--- WORK TASK ---
In the material below, identify each line bearing the word "data". Reproduce those lines.

--- RECORDS PROVIDED ---
-*-
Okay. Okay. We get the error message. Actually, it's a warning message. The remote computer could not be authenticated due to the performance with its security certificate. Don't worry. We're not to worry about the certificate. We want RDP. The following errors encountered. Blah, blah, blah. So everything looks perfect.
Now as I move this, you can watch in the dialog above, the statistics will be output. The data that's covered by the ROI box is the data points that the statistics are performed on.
-*-
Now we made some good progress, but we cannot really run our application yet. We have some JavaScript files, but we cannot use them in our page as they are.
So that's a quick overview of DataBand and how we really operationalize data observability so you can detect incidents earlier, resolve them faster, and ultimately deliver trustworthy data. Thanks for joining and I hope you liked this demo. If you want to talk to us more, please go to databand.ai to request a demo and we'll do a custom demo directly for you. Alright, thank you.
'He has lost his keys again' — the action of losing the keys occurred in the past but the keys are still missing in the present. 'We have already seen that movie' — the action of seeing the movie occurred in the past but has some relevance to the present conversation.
-*-
--- TASK OUTPUT ---
Now as I move this, you can watch in the dialog above, the statistics will be output. The data that's covered by the ROI box is the data points that the statistics are performed on.
So that's a quick overview of DataBand and how we really operationalize data observability so you can detect incidents earlier, resolve them faster, and ultimately deliver trustworthy data. Thanks for joining and I hope you liked this demo. If you want to talk to us more, please go to databand.ai to request a demo and we'll do a custom demo directly for you. Alright, thank you.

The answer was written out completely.